After presenting the current state of my work on the Gnash package, I am currently back to solving the build dependency debacle before inserting the assembly translations into the package code. "yum-builddep gnash.spec" immediately proved unsuccessful, so after a few attempts at troubleshooting via google I went ahead and used the piped sed command combination generously given to me by Chris Tyler:

"yum install -y $(cat *spec | sed -n "s/^BuildRequires://p" | sed "s/>=.*//")"

Effectively, this stream editing command parsed through the gnash.spec file and searched for any and all build dependency packages written after the "BuildRequires:" string using the regular expressions embedded within, and finally redirected the output to the appropriate portion of the yum-install command.

As far as my research of the found assembly code, the code in the affected files - "jemalloc.c" and "utility.h" wrap the pre-processor blocks in the constraints "#ifdef __i386__", "#ifdef __amd64__", and "#ifndef __MINGW32__" respectively. Unfortunately, due to google being of very little help in such niche specializations, I am currently awaiting word from the community if any of this logic needs to be reapplied for aarch64 - especially the memory allocation logic of the blocks in jemalloc.c, for example:

#ifdef __arm__
#  define QUANTUM_2POW_MIN     4
#  define SIZEOF_PTR_2POW         3
#  define NO_TLS
#endif

More to come in the next few days.

Tuesday 1 April 2014

Comprehensive March Recap

As expected, the latter cadence of the current semester has been nothing short of chaotic with the general relegation of project work and test preparation, so an apology is due on behalf of yours truly for not consistently updating on the progress of the software package port. The progress below will be chronologically (to the best of my ability) subdivided into relevant sections in order to best reference any and all steps, obstacles, and solutions that have been encountered over the past month:

Acquisition of the package - 

Shortly after the codebase analysis lab (found here) covering Unix commands, file extensions, and directories that were and are useful in the importation of software packages and the search for assembly code and its implications, a list of software packages and libraries carried off of Linaro's Linux on ARM64 porting project was posted on the course wiki in order to give students a reasonable amount of time to decide on an appropriate package that satisfies the prescribed requirements (http://zenit.senecac.on.ca/wiki/index.php/Winter_2014_SPO600_Software_List). After careful consideration that includes downloading the package, analyzing the scope of the work involved in order to successfully be able to either port or eliminate any assembly-related dependencies to the new architecture within the time constraints of the semester, my sights were set on the GNU foundation's open source flash decoder package - Gnash.

About Gnash - 

The GNU flash player. An open source, web-based video and audio decoder dealing mostly with .swf files, up to version 9. The software is based on a library called gameswf. Any other details regarding the software's overview are found on its homepage. The developement community is rather scarce at this point, with one individual on their IRC channel pointing me to the mailing list as being the last bastion of community discussion in relation to bugs or patches. After having subscribed to it for at least a month, there has been no ongoing activity whatsoever, unfortunately.

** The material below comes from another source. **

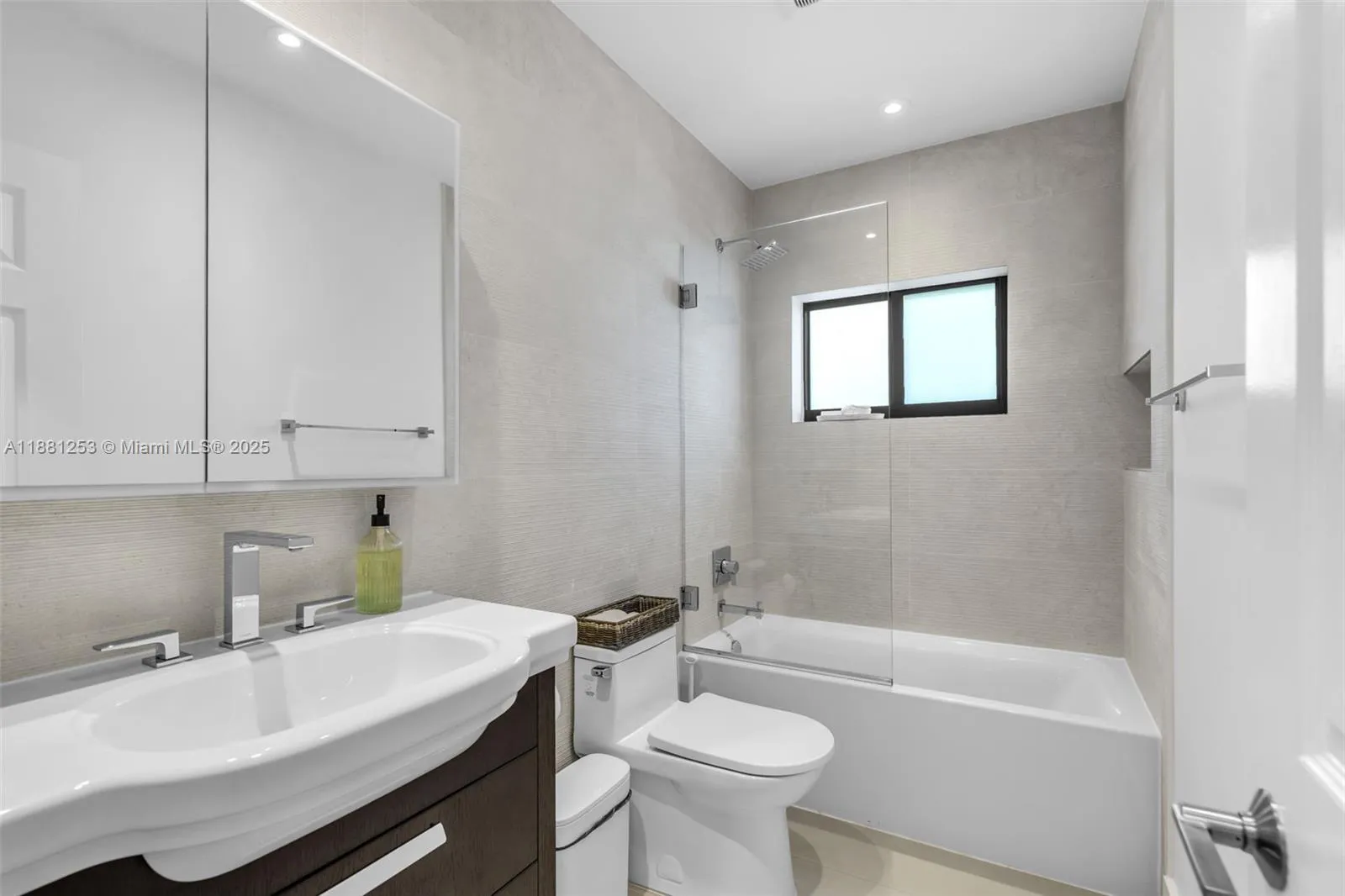 Key Biscayne, Florida 33149, United States, 5 Bedrooms Bedrooms, ,4 BathroomsBathrooms,Residential,Active,212423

Local Environment Setup - 

Given the options provided by Chris Tyler for analysis, implementation, and benchmarking, as well as the constraints of running Windows 8 natively on my local machine before embarking on this course, my initial task was to install Fedora 20 on a virtual machine interface. Using Oracle's Virtualbox software, a quick Google search ended at a very useful Wikihow Article on an efficient way to install fedora on windows using the Oracle VM.

Installing the 64-bit ARM emulator available to us on the Ireland remote server on the local machine seemed like the next ideal task to accomplish and was achieved with relative ease using the SPO600 Wiki's instructions at the bottom of the Qemu overview page. After a slight misunderstanding of where to properly transfer the "qemu-arm64.conf" file to the local machine (the etc/binfmt.d directory path relative to root and not the newly created arm64 directory used for the emulator) and some fumbling around with the tar command options for unpacking compressed version of the environment, it was mostly straight-forward.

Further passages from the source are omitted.